## [Data provided]

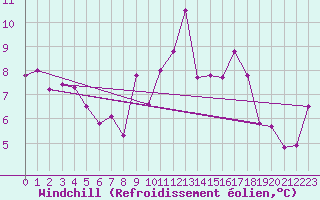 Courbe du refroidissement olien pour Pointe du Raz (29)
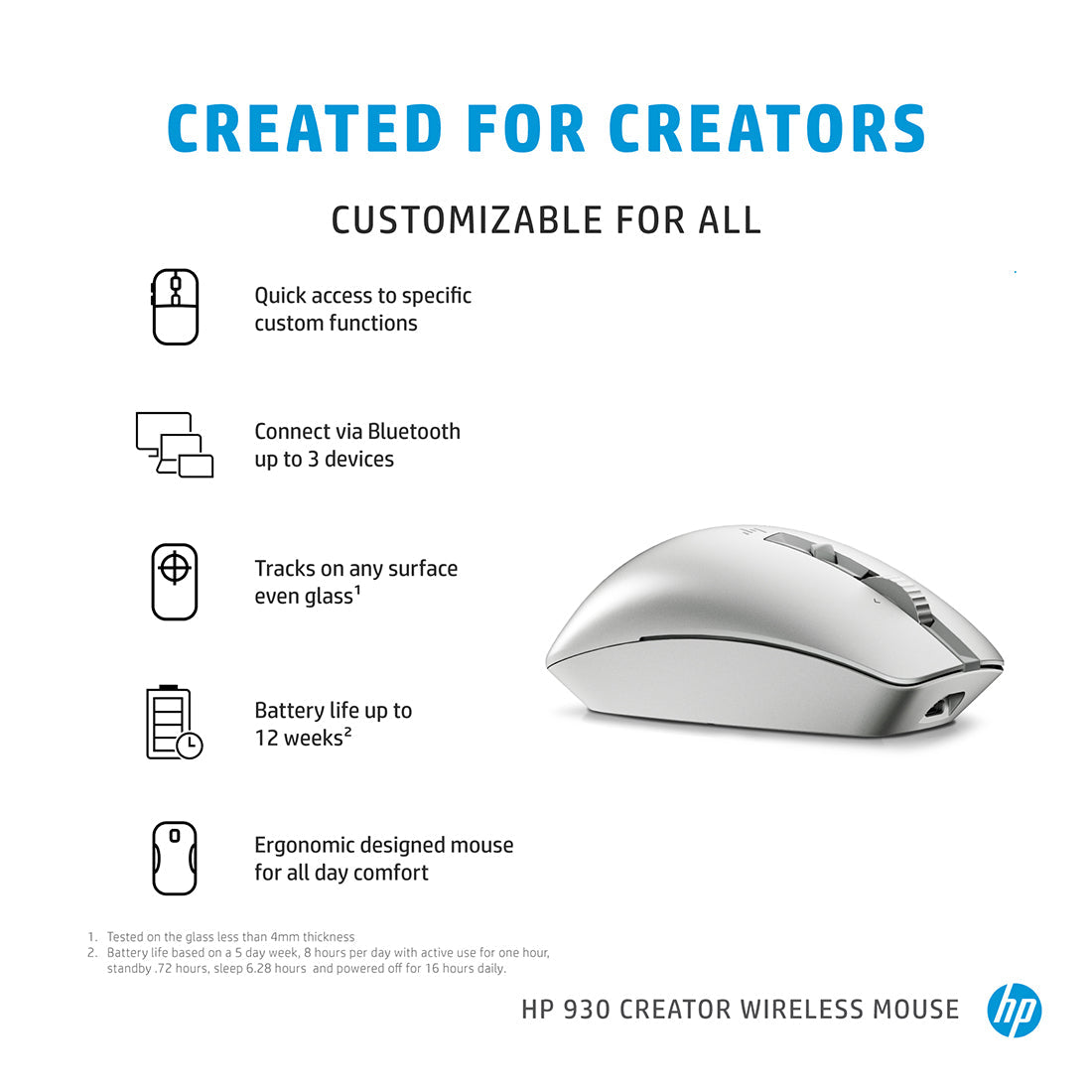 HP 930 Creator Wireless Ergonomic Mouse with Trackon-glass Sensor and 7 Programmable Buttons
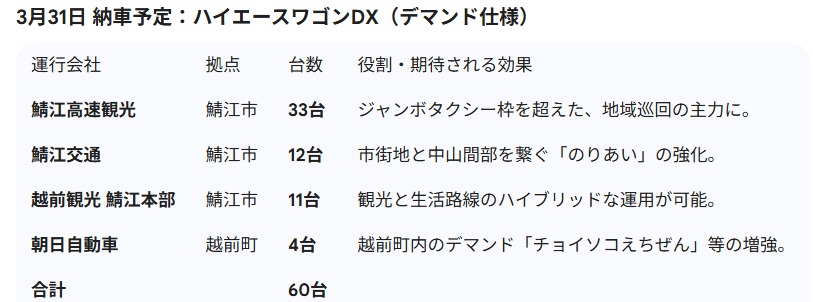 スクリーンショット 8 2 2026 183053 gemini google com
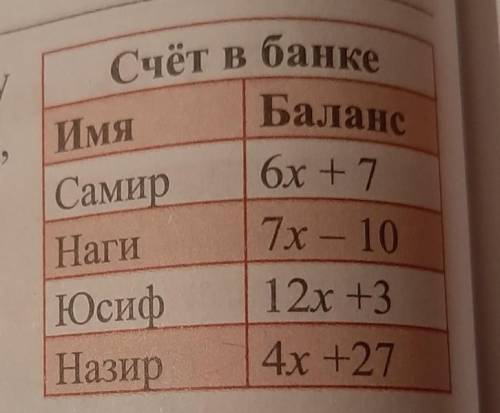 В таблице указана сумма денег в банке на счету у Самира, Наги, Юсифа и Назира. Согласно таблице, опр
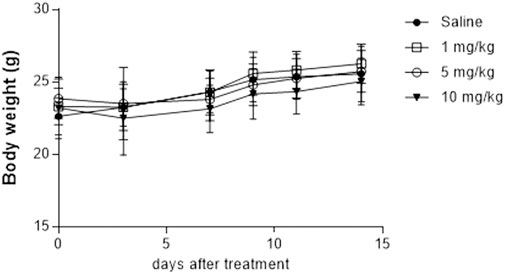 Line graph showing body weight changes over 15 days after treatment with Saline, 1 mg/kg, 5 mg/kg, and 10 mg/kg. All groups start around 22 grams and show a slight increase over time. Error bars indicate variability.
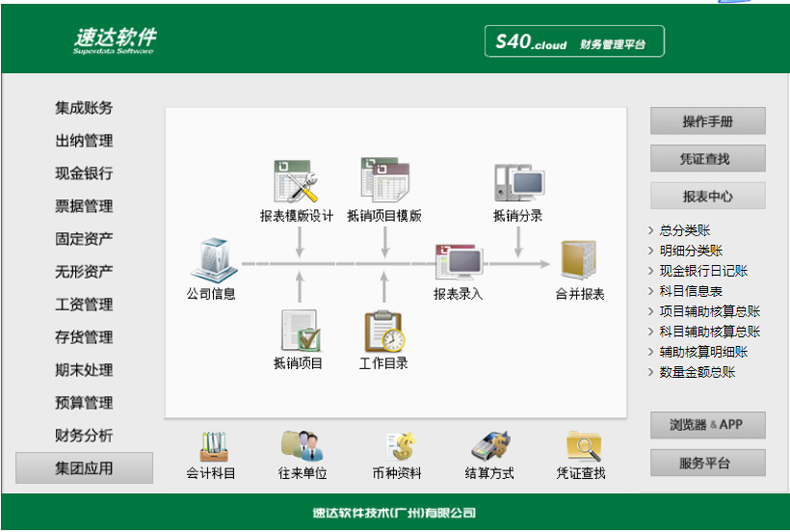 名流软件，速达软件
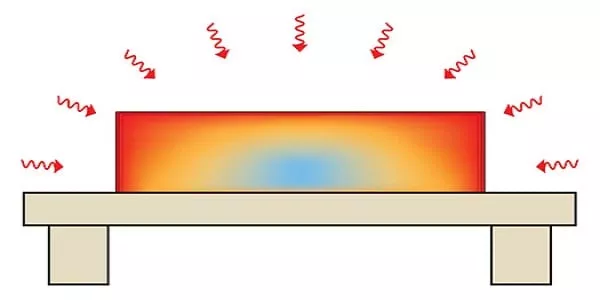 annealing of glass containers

## [Assigned task]
All of the material above goes into the copy exactly as is; the pictures do not.

## [Response area]
 Courbe du refroidissement olien pour Pointe du Raz (29)
 HP 930 Creator Wireless Ergonomic Mouse with Trackon-glass Sensor and 7 Programmable Buttons
 スクリーンショット 8 2 2026 183053 gemini google com
 В таблице указана сумма денег в банке на счету у Самира, Наги, Юсифа и Назира. Согласно таблице, опр
 Line graph showing body weight changes over 15 days after treatment with Saline, 1 mg/kg, 5 mg/kg, and 10 mg/kg. All groups start around 22 grams and show a slight increase over time. Error bars indicate variability.
 名流软件，速达软件
 annealing of glass containers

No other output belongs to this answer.